Die schwer zu schluckende Kröte: Es sollte durchgehend ein Mietpreis von zehn Euro gelten. Günstiger sei keine Wohnung zu errichten, versuchte Stephan Achenbach mit Zahlenbeispielen zu belegen. Zudem bedeute selbst dieser Betrag eher Verlust als Gewinn. Und so hoch sei diese Summe auch wieder nicht. Sie bewege sich sozusagen im mittleren Bereich, bezahlbar etwa für einen Polizisten mit zwei Kindern.

Außerdem befinden sich auf dem IG Metall-Areal bereits 43 Wohnungen, deren Quadratmeterpreis im Durchschnitt 6,62 Euro betrage. Bei zwei liege der sogar bei nur 2,50 Euro. Bliebe es bei der Forderung nach dem preisgünstigen Segment, müsse er der Gewerkschaft von der Investition abraten.

Argumente, mit denen sich einige Ausschussmitglieder aber trotzdem nicht vom Gleichheitsgrundsatz abbringen ließen. Der Anteil werde allen abverlangt, machte Werner Heck (Bündnis90/Grüne) deutlich. Auch für die IG Metall könne es daher keine Ausnahme geben.

Ähnlich klang das bei Lothar Jösting-Schüßler (Linke), der betonte, seit 1966 Mitglied der Metallgewerkschaft zu sein. Deshalb sei er auch Adressat ihrer Jahresberichte. Aus denen gehe hervor, dass es der Gewerkschaft finanziell gerade nicht allzu schlecht gehe. Jösting-Schüßler brachte allerdings noch eine Frage ins Spiel, die vor allem die SPD-Vertreter im Ausschuss aufgriffen. Nämlich, ob der Bauherr über die Sanierungssatzung überhaupt zu Wohnungsbau verpflichtet werden könne? Laut Bebauungsplan handle es sich hier um ein Kerngebiet, in dem sowohl Wohnen, als auch Gewerbe erlaubt seien. Ersteres wäre schon sehr stark vertreten. Er würde der IG Metall raten, das einmal baurechtlich prüfen zu lassen, fand Volker Härtig (SPD).
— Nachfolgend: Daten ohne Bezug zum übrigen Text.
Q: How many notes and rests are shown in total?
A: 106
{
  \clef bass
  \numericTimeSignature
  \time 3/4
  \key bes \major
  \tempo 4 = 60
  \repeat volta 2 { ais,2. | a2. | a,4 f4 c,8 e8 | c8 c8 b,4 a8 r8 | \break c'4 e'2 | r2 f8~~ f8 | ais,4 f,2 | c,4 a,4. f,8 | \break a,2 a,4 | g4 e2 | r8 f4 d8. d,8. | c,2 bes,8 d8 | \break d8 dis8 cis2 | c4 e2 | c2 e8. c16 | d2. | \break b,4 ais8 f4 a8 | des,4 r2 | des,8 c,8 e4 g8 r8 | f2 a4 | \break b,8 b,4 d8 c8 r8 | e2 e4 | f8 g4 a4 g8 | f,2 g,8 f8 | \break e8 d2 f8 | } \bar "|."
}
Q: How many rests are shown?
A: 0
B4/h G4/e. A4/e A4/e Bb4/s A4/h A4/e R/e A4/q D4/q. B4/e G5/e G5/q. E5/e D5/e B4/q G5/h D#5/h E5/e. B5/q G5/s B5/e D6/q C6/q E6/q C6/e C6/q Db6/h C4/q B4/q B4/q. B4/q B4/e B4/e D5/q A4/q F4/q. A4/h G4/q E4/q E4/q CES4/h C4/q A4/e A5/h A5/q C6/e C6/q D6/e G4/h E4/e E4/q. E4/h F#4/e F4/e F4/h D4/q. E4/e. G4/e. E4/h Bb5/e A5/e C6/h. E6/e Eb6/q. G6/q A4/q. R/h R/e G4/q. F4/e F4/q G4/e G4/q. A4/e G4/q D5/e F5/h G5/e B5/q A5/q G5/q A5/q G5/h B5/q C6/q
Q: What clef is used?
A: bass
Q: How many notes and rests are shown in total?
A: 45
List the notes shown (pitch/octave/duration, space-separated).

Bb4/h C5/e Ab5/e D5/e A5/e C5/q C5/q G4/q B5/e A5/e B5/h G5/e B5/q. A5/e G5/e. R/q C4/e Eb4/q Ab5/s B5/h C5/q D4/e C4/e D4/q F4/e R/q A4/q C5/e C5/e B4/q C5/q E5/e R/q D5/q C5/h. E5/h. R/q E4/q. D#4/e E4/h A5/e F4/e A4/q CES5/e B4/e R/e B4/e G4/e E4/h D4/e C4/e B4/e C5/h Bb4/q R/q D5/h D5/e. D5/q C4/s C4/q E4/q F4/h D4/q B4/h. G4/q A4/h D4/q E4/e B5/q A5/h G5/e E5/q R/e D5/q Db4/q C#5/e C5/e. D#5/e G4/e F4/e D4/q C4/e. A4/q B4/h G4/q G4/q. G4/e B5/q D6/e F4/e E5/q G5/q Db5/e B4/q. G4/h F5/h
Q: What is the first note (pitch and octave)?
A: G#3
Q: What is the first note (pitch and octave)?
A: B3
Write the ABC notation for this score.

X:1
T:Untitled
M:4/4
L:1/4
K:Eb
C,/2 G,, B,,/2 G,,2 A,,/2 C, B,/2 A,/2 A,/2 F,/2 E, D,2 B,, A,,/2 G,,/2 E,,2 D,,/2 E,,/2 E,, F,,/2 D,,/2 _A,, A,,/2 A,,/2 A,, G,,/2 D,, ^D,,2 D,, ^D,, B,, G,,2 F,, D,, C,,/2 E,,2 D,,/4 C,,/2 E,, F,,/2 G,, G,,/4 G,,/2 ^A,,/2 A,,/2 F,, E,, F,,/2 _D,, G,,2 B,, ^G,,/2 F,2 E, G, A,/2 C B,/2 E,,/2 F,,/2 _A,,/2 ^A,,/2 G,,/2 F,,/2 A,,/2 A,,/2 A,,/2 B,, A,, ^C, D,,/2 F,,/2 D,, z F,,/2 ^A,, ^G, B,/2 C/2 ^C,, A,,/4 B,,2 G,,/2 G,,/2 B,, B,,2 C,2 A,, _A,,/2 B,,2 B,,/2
Zielführender entwickelte sich im Verlauf der Ausschusssitzung ein anderer Ansatz, nämlich eine Art Quersubventionierung. Etwa so: Ein Drittel der Wohnungen kostet nur 6,50, ein weiteres 13,50 Euro, beim Rest bleibt es bei zehn Euro. In der Summe wäre das Ergebnis gleich. Stephan Achenbach nahm diese Idee zumindest erst einmal mit.

Noch Platz für eine "Arrondierung". Das Grundstück von der Neuenburger Straße aus gesehen.
Baudenkmal und Hauptstadtrepräsenzanz. Das IG Metall-Haus.